When Ben Graham wrote Security Analysis in the 1930s, he introduced his famous net-net stock to the world. To pass his net-net test, a company is valued solely based on its current assets minus all its liabilities. The idea was that when a company is identified as a net-net, the stock is as good a bargain as it can be, assuming that the business will continue to be viable. Today, not many companies pass this test, but this article examines one that does – Xyratex Ltd (XRTX).
Briefly, Xyratex is a UK-based data storage technology provider that generates sales in the United States, Europe and Asia. In fiscal year 2011, 93% of their revenue was made up of sales to its top six customers: NetApp Inc., Dell Inc, IBM Corporation, EMC Corporation, Hewlett-Packard Company and Seagate Technology.
Since the beginning of September 2012, the stock has been in free fall – losing 30% of its value as they missed sales estimates for the third quarter. In addition, management has announced that it will be recording a loss in the fourth quarter of 2012.
Perhaps because of the extreme negativity surrounding the stock and the small market cap size of the company, the market might have overreacted and punished the stock too harshly. At a market cap of close to US$200 million, Xyratex has zero debt and a cash pile of US$103 million in the latest quarter ending August 2012. With 27.5 million shares outstanding, the cash pile alone is worth $3.74 a share alone (half of its current share price).
Furthermore, total current assets are worth US$465 million on its latest balance sheet while total liabilities are at US$162 million. This gives us a back of the envelope net-net value of no less than US$300 million (compared to its current market cap of US$200 million).
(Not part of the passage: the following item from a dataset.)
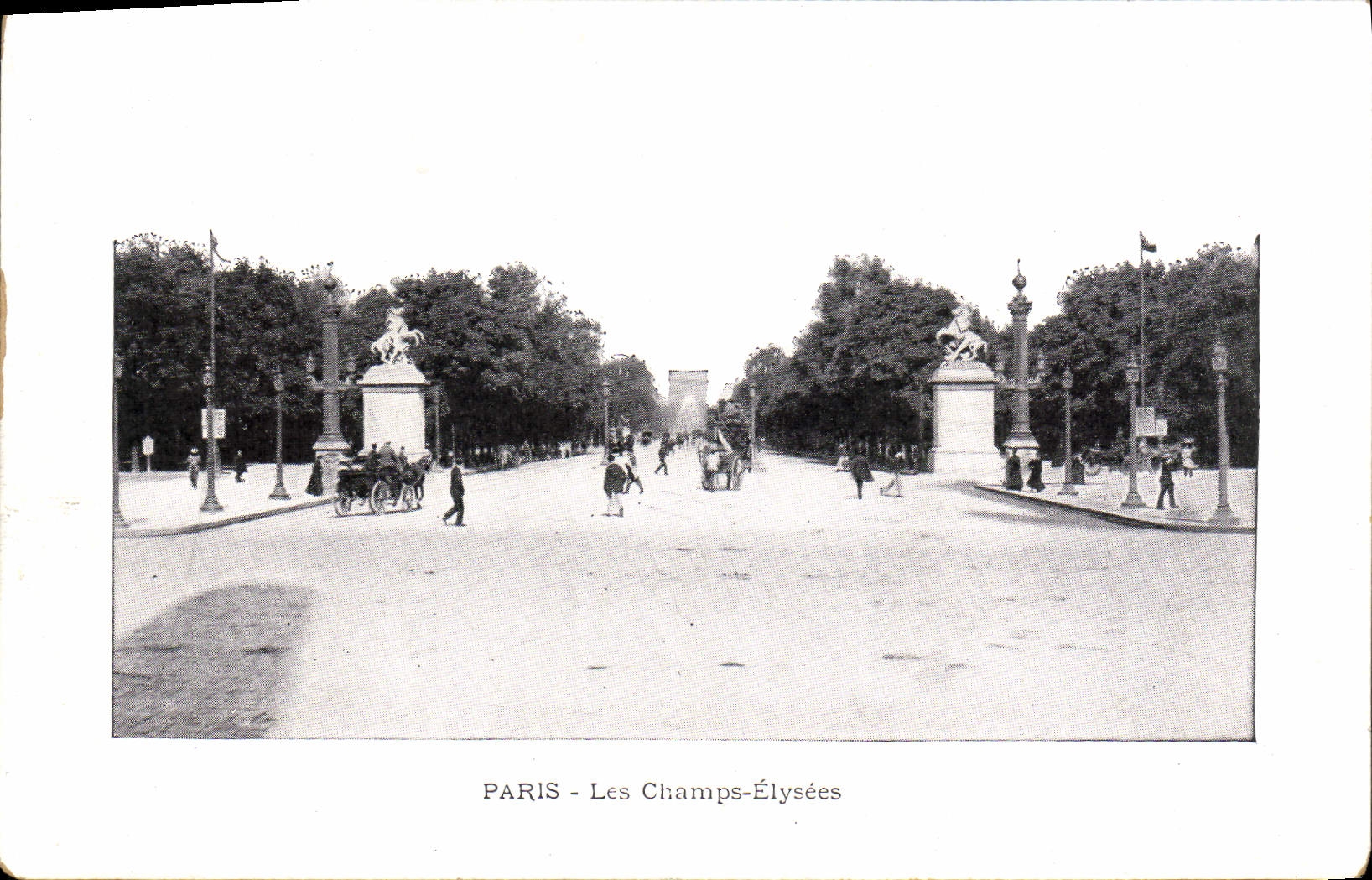 CPA Paris Les Champs Elysees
While the near-term earnings power of Xyratex’s business might be questionable, there is no doubt that the depressed market capitalization along with its strong balance sheet merits a second look at the company. Furthermore, Xyratex started paying out dividends in FY 2011, distributing US$0.28 per share in the last twelve months of reported earnings. That translates to an annual dividend yield of 3.8% – essentially resulting in an investor getting paid while waiting for the market to readjust its valuation of the company.